A group of Bar Harbor businesses is pressing on with its ongoing legal challenge of the town’s limits on cruise ship visits, after residents approved them in 2022 and affirmed them in another vote this past fall.
That group, which hopes to continue attracting large cruise ships to Bar Harbor, on Wednesday argued its case in court that the voter-approved restrictions conflict with federal commerce laws.
The latest appeal by the group, which is known by the acronym APPLL, comes after a lower federal court judge ruled in favor of the town last year, upholding the results of the 2022 local referendum. In November of that year, Bar Harbor voters set a limit of no more than 1,000 cruise ship passengers per day, which effectively will prevent visits from the large cruise ships that make up the majority of stops in town.

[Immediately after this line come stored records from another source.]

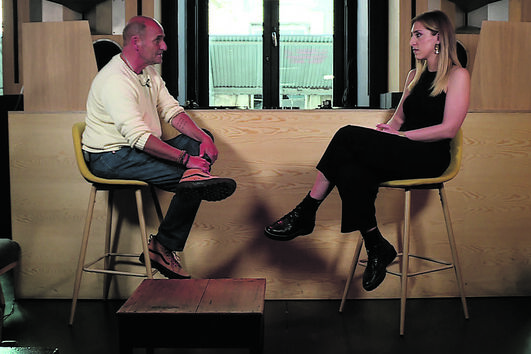 “A melhor ajuda é fechar a porta”: Pai de Carolina Deslandes conta como recuperou da adição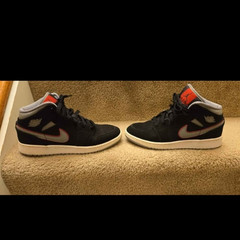 Nike Air Jordan 1 Mid GS Mid Top Leather Black Gray Red 5.5Y 554725-060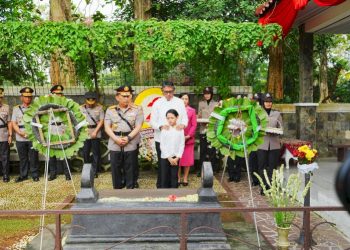Jelang Hari Bhayangkara, Kapolri Ziarah ke Makam BJ Habibie dan Hoegeng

The appeal may be the group’s last hope to keep the 1,000-passenger limit from taking full effect, which local officials say hasn’t happened yet because of grandfathered reservations. At another referendum two months ago, voters again upheld the 1,000-passenger limit by rejecting a counter-proposal from town officials that would have set a daily limit of 3,200 passengers.
The businesses that hope to throw out the current daily limit argue that cruise ship visits are protected by the Constitution, which says that Congress has the power to regulate trade with foreign nations and among the states.
Because cruise ships — many of which are based in foreign countries — are a form of interstate commerce, the town does not have the authority to turn away ships that anchor in Frenchman Bay and want to bring crew and passengers ashore, they argue.
Bar Harbor is allowed to take steps to manage the inflow of people from cruise ships, as it has for the past several decades, but it cannot refuse to let their passengers enter the town, according to APPLL attorney Tim Woodcock.
“That’s a paramount right protected by the dormant commerce clause” in the Constitution, Woodcock told three judges presiding in the federal First Circuit appeals court in Boston, one of whom was retired Supreme Court Justice Stephen Breyer.
The judges pressed Woodcock, however, on the town’s right to prevent itself from being overrun by crowds. Bar Harbor has roughly 5,000 residents, they noted, and cruise ships can easily double that number on any given day.
Breyer noted that parks, whether city or national, attract people from all over and the governmental entities that manage them routinely set limits on when they are open or how big of a crowd can assemble. Why can’t Bar Harbor do the same when it comes to cruise ship traffic?
“It’s like 8 million people a day showing up in New York City,” he said, comparing the size of Bar Harbor to that of New York. “Does the commerce clause really bar any municipality from taking steps to prevent that?”
Jonathan Hunter, the town’s attorney in the appeal, argued that the daily limit does not amount to a ban on cruise ships and therefore does not run counter to Congress’ authority to regulate interstate commerce. Ships that carry more than 1,000 passengers may be heavily represented in the industry, but the town is not in any way obligated to cater to the industry’s dominant business model, he said.
And there are concerns that the crowded conditions in downtown Bar Harbor on cruise ship days pose a safety concern, he added. He likened the situation to states’ ability to regulate the sale of fireworks, saying that cruise ships are not merely vessels that carry commercial goods from one state to the next.
“The cruise ships are more like fireworks than they are trucks and trains,” Hunter said. “They are the product.”
But Woodcock disputed the notion that the volume of cruise ship passengers posed any kind of health and safety concern to the town.
Breyer said that the court record “seems bare” of any kind of documentation of how crowds of cruise ship passengers have posed urgent management or safety concerns in Bar Harbor, but Woodcock said town officials have had multiple discussions on that topic.
The town’s public safety officials, who are heavily involved in managing the flow of cruise ship passengers through Bar Harbor, have repeatedly said they’ve been able to effectively manage that flow and that it has not posed any undue health or safety risks to the town or its residents, he said.
The three-judge panel hearing the appeal is expected to render a decision in the coming months.